**Work instruction:** Copy verbatim the block of lines in the entries below whose first line contains "Фото Chesterfield Hotel" and whose last line contains "New 2026 Sterling". Leave out all other lines.

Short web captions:
++++++++++
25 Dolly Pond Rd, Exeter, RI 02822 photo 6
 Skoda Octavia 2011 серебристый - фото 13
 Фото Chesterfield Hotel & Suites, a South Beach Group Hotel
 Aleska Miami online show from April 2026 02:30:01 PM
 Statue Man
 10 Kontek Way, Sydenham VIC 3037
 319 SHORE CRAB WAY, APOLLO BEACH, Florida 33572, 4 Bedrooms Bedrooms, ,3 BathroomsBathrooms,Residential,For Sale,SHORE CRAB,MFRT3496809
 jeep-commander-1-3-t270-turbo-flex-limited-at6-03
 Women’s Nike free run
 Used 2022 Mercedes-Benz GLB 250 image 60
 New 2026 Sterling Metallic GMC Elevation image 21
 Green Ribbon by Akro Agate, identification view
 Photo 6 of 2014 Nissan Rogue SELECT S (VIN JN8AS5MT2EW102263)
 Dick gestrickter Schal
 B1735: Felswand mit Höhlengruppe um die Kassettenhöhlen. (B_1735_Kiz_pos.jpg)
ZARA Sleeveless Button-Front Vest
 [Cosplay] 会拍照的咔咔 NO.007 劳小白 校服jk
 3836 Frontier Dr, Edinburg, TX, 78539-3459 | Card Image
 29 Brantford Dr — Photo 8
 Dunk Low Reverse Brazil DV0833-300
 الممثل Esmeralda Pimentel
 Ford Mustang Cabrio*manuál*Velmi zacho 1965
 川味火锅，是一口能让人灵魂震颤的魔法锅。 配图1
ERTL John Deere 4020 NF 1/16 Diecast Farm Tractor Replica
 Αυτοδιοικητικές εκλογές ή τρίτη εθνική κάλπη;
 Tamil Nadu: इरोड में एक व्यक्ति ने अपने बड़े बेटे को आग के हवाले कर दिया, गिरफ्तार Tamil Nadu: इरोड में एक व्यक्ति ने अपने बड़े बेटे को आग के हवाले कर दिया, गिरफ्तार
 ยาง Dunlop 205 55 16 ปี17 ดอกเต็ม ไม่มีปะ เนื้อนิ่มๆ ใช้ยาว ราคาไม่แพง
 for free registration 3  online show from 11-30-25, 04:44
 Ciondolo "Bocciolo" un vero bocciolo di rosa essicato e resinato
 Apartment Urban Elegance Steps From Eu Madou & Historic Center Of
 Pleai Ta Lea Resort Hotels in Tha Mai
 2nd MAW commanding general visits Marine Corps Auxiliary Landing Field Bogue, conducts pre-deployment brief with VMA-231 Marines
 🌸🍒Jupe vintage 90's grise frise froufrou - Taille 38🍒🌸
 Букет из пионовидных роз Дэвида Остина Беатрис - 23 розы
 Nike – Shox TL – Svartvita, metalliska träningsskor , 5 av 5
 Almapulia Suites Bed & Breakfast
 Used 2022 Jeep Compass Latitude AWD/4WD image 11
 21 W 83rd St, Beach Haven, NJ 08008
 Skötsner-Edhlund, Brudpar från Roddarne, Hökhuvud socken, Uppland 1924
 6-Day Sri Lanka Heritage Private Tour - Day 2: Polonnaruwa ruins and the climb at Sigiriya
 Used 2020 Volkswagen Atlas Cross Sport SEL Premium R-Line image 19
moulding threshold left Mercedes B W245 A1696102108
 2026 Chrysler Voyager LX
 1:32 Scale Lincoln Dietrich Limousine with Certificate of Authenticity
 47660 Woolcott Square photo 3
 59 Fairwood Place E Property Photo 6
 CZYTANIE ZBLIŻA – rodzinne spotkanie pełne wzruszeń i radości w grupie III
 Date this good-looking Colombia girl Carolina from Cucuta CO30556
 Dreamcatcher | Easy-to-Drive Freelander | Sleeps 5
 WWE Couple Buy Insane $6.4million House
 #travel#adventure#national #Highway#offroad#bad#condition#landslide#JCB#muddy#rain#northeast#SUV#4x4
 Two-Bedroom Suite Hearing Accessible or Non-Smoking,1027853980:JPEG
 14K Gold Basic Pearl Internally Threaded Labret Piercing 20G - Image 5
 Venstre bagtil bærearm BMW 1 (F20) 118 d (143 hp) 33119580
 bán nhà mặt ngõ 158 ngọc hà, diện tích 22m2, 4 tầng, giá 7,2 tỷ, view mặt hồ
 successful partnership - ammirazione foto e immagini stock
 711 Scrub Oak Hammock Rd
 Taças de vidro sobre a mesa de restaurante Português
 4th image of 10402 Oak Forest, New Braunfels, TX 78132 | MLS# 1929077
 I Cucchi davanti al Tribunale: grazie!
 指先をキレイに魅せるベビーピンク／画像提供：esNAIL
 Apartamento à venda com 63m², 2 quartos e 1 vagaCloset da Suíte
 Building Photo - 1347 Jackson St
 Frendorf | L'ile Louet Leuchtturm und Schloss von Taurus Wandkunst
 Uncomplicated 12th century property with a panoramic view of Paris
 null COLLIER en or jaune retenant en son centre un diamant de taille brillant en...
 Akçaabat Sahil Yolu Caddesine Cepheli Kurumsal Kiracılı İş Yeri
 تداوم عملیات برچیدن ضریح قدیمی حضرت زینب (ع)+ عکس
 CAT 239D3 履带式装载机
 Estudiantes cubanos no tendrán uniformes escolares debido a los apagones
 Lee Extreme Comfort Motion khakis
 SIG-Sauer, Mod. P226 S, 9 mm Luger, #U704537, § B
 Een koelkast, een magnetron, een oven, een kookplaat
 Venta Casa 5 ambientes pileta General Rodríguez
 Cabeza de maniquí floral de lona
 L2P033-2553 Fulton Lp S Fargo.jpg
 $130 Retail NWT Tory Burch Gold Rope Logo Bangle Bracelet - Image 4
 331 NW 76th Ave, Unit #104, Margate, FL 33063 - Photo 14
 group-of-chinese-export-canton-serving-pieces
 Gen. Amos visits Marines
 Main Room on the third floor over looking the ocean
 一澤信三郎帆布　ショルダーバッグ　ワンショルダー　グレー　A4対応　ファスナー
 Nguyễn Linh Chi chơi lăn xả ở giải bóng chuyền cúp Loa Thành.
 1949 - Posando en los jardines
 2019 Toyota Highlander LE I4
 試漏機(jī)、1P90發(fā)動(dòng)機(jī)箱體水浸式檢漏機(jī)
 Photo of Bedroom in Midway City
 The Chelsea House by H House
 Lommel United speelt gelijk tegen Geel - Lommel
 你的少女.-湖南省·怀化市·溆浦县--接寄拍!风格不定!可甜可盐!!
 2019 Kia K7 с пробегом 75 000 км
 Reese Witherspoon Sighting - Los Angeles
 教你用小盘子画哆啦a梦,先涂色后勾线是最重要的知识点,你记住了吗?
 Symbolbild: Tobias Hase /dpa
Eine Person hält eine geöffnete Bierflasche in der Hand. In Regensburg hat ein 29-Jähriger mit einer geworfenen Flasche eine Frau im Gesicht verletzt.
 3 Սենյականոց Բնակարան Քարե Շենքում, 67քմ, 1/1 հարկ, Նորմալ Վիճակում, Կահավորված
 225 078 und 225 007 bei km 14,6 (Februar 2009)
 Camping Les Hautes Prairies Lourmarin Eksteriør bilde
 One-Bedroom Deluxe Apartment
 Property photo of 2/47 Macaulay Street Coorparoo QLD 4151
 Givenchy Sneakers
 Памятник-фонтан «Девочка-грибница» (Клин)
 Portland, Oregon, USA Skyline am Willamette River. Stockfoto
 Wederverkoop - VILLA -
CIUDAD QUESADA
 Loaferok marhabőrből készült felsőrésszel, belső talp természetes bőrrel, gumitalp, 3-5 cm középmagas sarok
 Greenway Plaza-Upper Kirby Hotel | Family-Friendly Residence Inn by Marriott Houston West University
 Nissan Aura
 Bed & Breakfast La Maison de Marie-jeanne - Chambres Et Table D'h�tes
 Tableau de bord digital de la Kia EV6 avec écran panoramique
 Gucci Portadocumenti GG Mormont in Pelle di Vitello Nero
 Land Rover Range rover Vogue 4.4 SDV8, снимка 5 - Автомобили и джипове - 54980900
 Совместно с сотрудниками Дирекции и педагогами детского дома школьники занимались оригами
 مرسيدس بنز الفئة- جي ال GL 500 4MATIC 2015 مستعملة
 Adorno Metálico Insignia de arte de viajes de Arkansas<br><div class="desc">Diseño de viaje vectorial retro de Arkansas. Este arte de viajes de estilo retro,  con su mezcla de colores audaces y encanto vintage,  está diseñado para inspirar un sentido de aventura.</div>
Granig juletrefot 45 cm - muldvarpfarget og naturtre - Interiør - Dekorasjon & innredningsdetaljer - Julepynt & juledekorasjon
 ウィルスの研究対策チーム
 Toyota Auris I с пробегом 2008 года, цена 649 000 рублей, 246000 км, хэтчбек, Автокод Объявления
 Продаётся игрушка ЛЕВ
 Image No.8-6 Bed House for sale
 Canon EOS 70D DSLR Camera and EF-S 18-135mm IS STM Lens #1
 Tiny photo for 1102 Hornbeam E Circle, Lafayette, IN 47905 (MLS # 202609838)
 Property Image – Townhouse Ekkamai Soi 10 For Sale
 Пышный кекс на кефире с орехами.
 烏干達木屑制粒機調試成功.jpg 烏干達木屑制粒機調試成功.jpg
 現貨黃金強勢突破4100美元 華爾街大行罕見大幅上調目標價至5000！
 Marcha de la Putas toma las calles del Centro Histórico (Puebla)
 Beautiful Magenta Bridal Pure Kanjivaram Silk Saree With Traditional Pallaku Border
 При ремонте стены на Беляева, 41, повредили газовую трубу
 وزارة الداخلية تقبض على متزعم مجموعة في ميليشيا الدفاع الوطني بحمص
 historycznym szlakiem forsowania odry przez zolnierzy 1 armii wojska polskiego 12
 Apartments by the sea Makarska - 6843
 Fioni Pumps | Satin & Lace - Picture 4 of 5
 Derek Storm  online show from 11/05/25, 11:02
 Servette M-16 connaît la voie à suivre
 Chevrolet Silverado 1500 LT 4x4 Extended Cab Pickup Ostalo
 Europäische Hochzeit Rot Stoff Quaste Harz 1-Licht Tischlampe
++++++++++
**Written response:**
 Фото Chesterfield Hotel & Suites, a South Beach Group Hotel
 Aleska Miami online show from April 2026 02:30:01 PM
 Statue Man
 10 Kontek Way, Sydenham VIC 3037
 319 SHORE CRAB WAY, APOLLO BEACH, Florida 33572, 4 Bedrooms Bedrooms, ,3 BathroomsBathrooms,Residential,For Sale,SHORE CRAB,MFRT3496809
 jeep-commander-1-3-t270-turbo-flex-limited-at6-03
 Women’s Nike free run
 Used 2022 Mercedes-Benz GLB 250 image 60
 New 2026 Sterling Metallic GMC Elevation image 21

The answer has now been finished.